Meeting and interacting with Mrs. Obama, in the Diplomatic Reception Room, was profoundly moving. Waiting for her — of all people — in that room of that House — of all places, incited within me, indeed, great emotion. To think that someone born in a small town in the southern part of Colombia would one day work for the First Lady of the United States of America proved to me that despite any difficulties or trials, despite any storms, one is — and will always be — the captain of one’s ship and the master of one’s life. Your future is in your hands.
“I cannot think of a better gift than the gift of education.”
As I contemplate how I arrive to these rather magnanimous conclusions about the human condition, I cannot help but feel indebted to my university’s profound dedication to the life of the mind, indebted to the fact that I am even able to attend a university. This is what a liberal arts education is all about: exposing oneself to as many diverse worlds as possible — through one’s coursework — with the goal of contemplating, critiquing, justifying — understanding — the way civilizations and societies vastly differ from one’s own. I cannot think of a better gift than the gift of education.
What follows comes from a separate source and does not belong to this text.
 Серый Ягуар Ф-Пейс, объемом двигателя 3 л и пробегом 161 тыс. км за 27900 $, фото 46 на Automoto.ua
“I believe that it is the duty of the empowered to help those that are not.”
Nevertheless, there is a particular indescribability that characterizes that day; it is as though words will not fully encompass the responsibility that my fellow board members and I experienced upon being entrusted with such duty. But I believe that it is the duty of the empowered to help those that are not. Though words may fail me, actions will not. I will work for the overlooked, the underestimated, the forgotten. My work is for them. And I clarify: my actions are not meant to gratify the needs of any immediate recognition or public triumph, but are meant to last as long as the lives of those that I hope to improve. And it is through education that it will happen.
Santiago Tobar Potes was born in Cali, Colombia, and grew up in Miami, FL. As a low-income, first generation and undocumented college student, he sometimes felt isolated with the difficulties particular to his situation. Nonetheless, in spite of those challenges, he studies at Columbia University as a Jack Kent Cooke, Questbridge, Golden Door, and Alexander Hamilton Scholar on a full scholarship. His goal is to make higher education readily available and feasible for all.